Description of the task => Among the lines below, copy exactly those from the one with "Smuteční oznámení – Marie Klvaňová" through the one with "YAOJIWANG Lampe de", counting both ends.
== Data in this exercise
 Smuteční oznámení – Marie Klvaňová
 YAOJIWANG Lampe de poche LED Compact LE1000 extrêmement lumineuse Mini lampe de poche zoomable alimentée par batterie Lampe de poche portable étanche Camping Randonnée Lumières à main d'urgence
====
== Data in this exercise
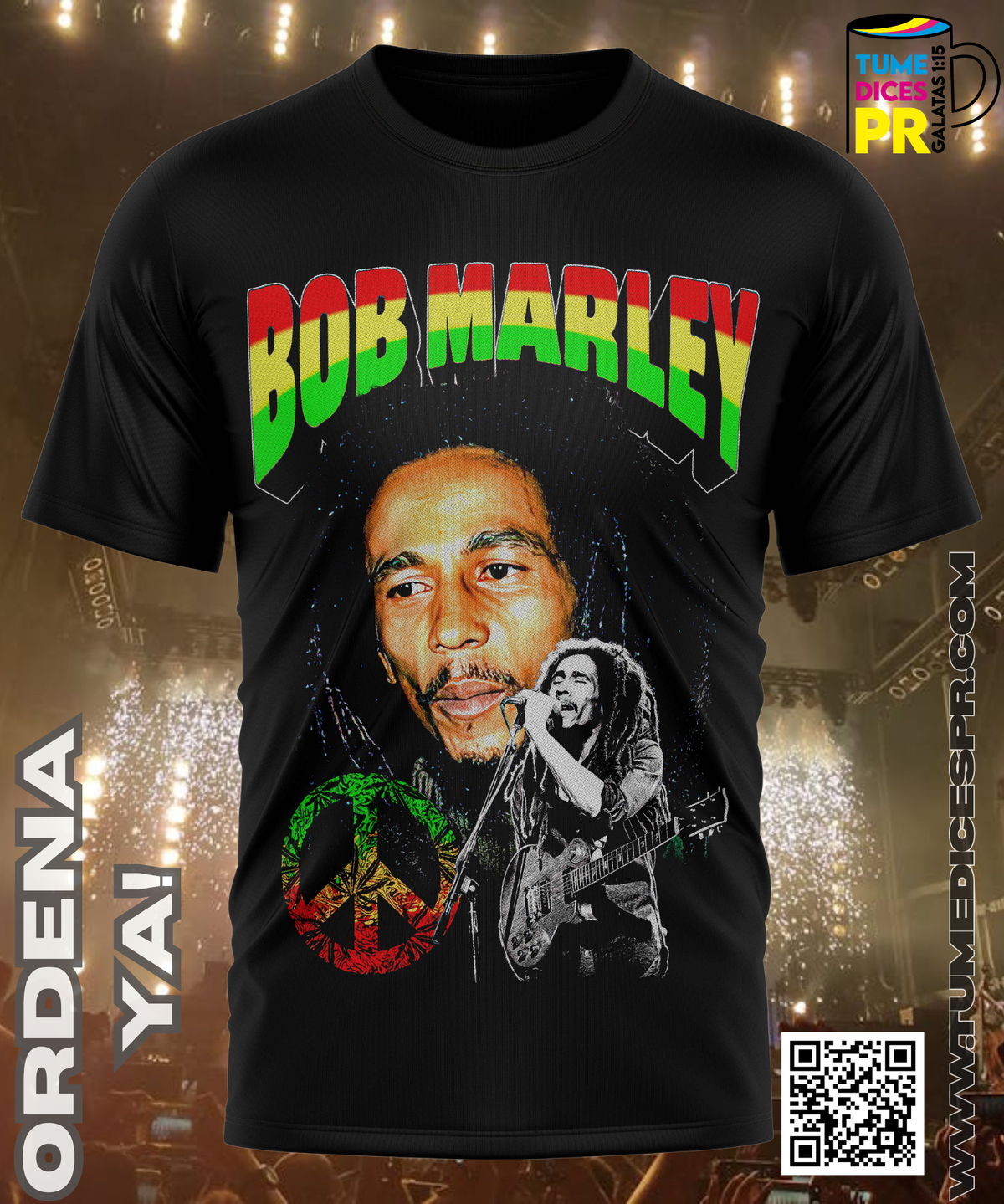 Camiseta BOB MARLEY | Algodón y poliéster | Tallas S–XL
====
Solved exercise =>
 Smuteční oznámení – Marie Klvaňová
 YAOJIWANG Lampe de poche LED Compact LE1000 extrêmement lumineuse Mini lampe de poche zoomable alimentée par batterie Lampe de poche portable étanche Camping Randonnée Lumières à main d'urgence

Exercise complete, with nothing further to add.